Corey Brettschneider, author of the book “The Oath and The Office: A Guide to the Constitution for Future Presidents” in an interview with Newsday said because the impeachment trial “is certainly not a criminal proceeding, the standard is different.”

"It's not a question of reasonable doubt or even whether a crime has been committed, but rather about a kind of abuse of power,” Brettschneider said, adding that “high crimes and misdemeanors” is not a category found in criminal law statutes, rather it’s a constitutional charge that refers to the “degradation of the office and a president who has abused power and therefore disregarded the oath.”

Democrats making the Sunday show rounds continued to argue that McConnell should allow additional witnesses to testify and compel the White House to turn over documents that were blocked from release during the House impeachment inquiry.

Rep. Jason Crow (D-Colo.), one of the House impeachment managers, told CNN's "State of the Union": "This cannot be the first trial in American history, the first impeachment trial in American history, where we don’t have documents and witnesses produced by the president."

Trump's former National Security Adviser John Bolton has said he is willing to testify if subpoenaed by the Senate, and House Democrats have said the disclosure of new documents provided to lawmakers by Lev Parnas, a former associate of Trump's personal attorney Rudy Giuliani, points to the need for additional witnesses and documents. Parnas, in interviews last week, has said Trump was fully aware of the campaign to pressure Ukraine into opening a politically motivated investigation that could benefit Trump.

Rep. Hakeem Jeffries (D-Brooklyn), who is also serving as an impeachment manager, defended Democrats' push to call witnesses in the Senate trial that did not testify during the House hearings.

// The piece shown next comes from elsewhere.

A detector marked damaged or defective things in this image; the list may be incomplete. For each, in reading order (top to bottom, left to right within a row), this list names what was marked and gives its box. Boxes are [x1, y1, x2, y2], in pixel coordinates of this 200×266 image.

“We proceeded expeditiously because Trump’s abuse of power, his pressuring of a foreign government, in this instance, for his own personal political gain, related to an urgent matter of national security,” Jeffries said on Fox News Sunday. 

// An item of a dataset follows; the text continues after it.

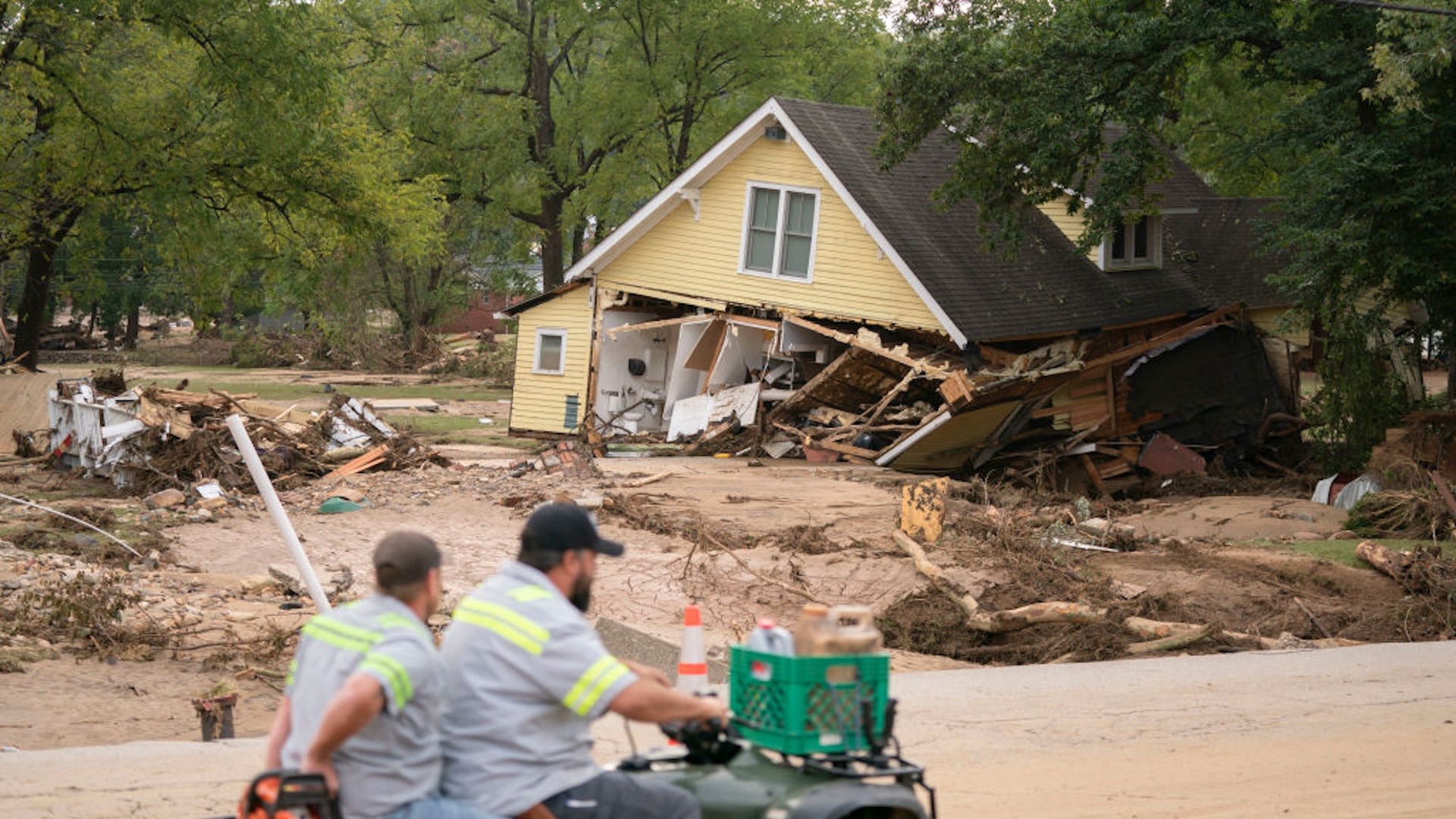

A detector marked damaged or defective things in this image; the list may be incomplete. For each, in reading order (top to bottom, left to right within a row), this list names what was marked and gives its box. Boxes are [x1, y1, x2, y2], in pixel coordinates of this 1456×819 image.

broken lumber [886, 528, 977, 619]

Sen. Dick Durbin (D-Ill.), the No. 2 ranking Democrat in the Senate, appearing on NBC's "Meet the Press" said Democrats had not been included in discussions with McConnell about the rules that will govern the trial.

“We’re ... a little over 48 hours away from the trial actually commencing, and there hasn't been the most basic negotiation or exchange of information," Durbin said.

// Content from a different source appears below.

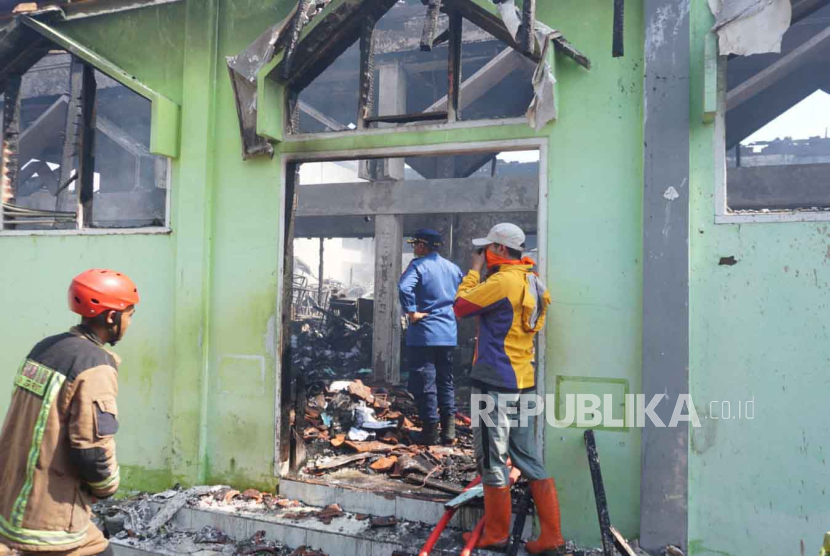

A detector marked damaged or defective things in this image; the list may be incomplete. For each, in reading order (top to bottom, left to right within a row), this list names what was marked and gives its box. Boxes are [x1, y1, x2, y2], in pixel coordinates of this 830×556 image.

broken window [1, 48, 171, 230]
broken window [292, 0, 536, 136]
broken window [724, 7, 830, 214]
damaged doorway [280, 141, 548, 498]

Sen. David Perdue (R-Ga.) offered some insights into the possible structure of the trial, telling "Meet the Press" host Chuck Todd that Republicans are considering a format that would give the House impeachment managers 24 hours, over two days, to present their case. Trump's defense team would then follow with the same amount of time. Senators would then have 16 hours to question both sides, with questions submitted first to Supreme Court Justice John G. Roberts, who is presiding over the trial.

“Then we have, at that point, the opportunity to do exactly what we did after phase one in the Clinton trial, and that is to decide where we go from here: Do we have more witnesses, do we need clarification?” Perdue said referring to the 1999 impeachment trial of former President Bill Clinton.